By: Roberta Matuson
Have you noticed how some colleges and universities are experts in attracting top talent to their schools? These schools provide employers with some valuable lessons in how to attract top talent.
Here are some best practices you can apply to your organization to recruit top talent.
Image matters. Visit the website of any top ten school and the first thing you’ll notice are photos of happy students participating in various activities.
These images attract prospective students by providing a visualization of campus life. They also aim to engage parents, who are usually involved in important decisions like college or first jobs (think Millennials.)
Take a look at your company website. Does it generate interest in your workplace or are you tempted to quickly move on?
If not, think about your audience. Who are you trying to attract? Consider putting together some focus groups that consist of the sort of candidates you are seeking and monitor their impressions. Then make adjustments accordingly.

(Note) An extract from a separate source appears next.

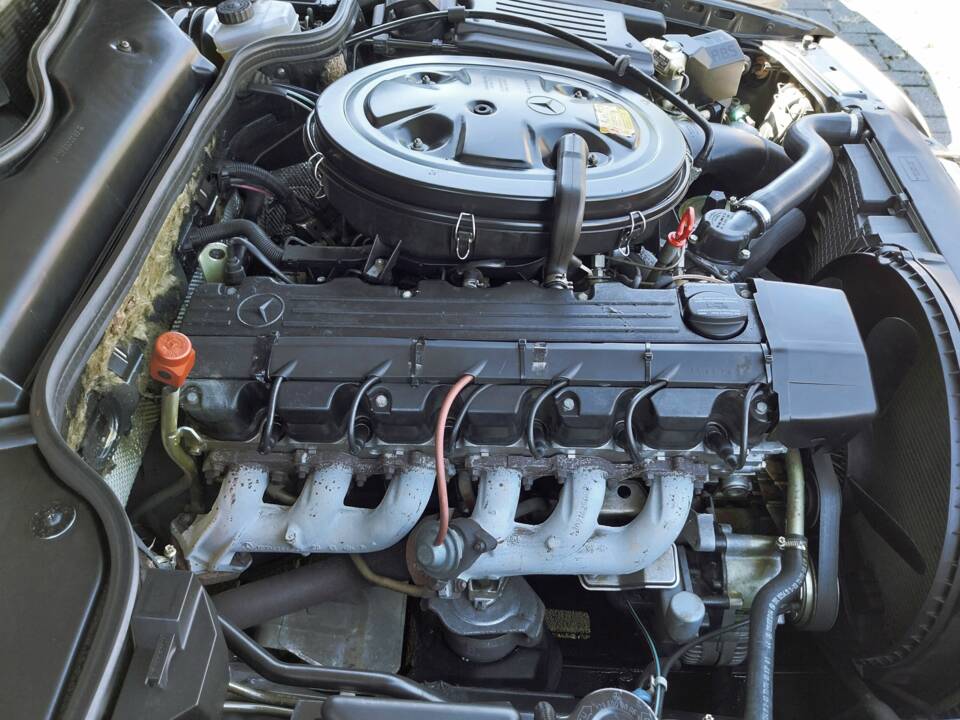 Bild 50/50 von Mercedes-Benz 300 SL (1992)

Be selective. All of the top ten schools are extremely selective and everyone knows it. They don’t hesitate to include their selectivity in their branding. Prospective students know if they are fortunate enough to gain entry into one of these schools they’ll be part of a community of students who are equally focused.
Everyone wants to be on a winning team. Yet today’s top candidates can be choosy. They have high expectations for themselves and expect just rewards in return. Be sure your company’s online reputation will meet their expectations – and that your employer brand reflects that story.
Assemble a team of ambassadors. Most campus tours are conducted by a student ambassador whose job it is to engage visitors and leave them with a great impression. Only the best and most enthusiastic students need apply for these jobs, as they are representing the university brand.
The business equivalent of these campus tour guides are known as brand ambassadors. These are your best and most enthusiastic people. Are these folks participating in your hiring process? Or are you relying on individuals who view recruiting as a chore?
First and last impressions count. Make sure the employees who interact with candidates and who conduct interviews are as excited about working at your company as those student ambassadors are about representing their school.
Showcase the best parts of your organization. A college tour wouldn’t be complete without a walk through the multi-million dollar student fitness center or the new dining hall that looks more like a restaurant than a place where students dine.
Companies often showcase the worst features of their offices. Carefully consider your choice of interview location. Avoid the usual basement or room with no windows. Instead, showcase the best parts of your company so that you are appealing to candidates you are trying to attract.
Respond to all applicants. Even the most selective schools make it a point to get back to all candidates who apply. Although perhaps it’s not always the news a prospective student wants to hear, studies show that this type of communication is highly valued.
Remember that candidates are freely giving you their time and interest. In return, at minimum they deserve a letter telling them that an offer will not be extended. This correspondence is an essential part of the candidate experience. As such it will go a long way toward helping your employer brand.
Involve peers in the interviewing process. Top ten schools encourage prospective students to speak directly with students. Many offer candidates the opportunity to spend a day on campus and experience life as a student, thereby allowing them to make an informed decision before committing to a particular school.
Similarly, invite your top candidates to spend a day with their prospective team members. Granted, some may choose to work elsewhere after doing so, but that’s not necessarily a bad thing. Those who commit will know exactly what they are signing up for when they accept a job offer with your organization. This can provide two big benefits -- it will improve your job offers and help to lessen employee turnover.
Reconsider previously-rejected candidates. Colleges and universities often welcome previously-rejected students with open arms. Many students re-apply and are accepted as transfer students, after gaining experience at other schools.
Hiring managers reject candidates for a number of reasons. As candidates mature and business needs change, applicants who may not have been a good fit a year or two ago may be the exact fit today. This talent pipeline will be particularly helpful for seasonal hiring needs.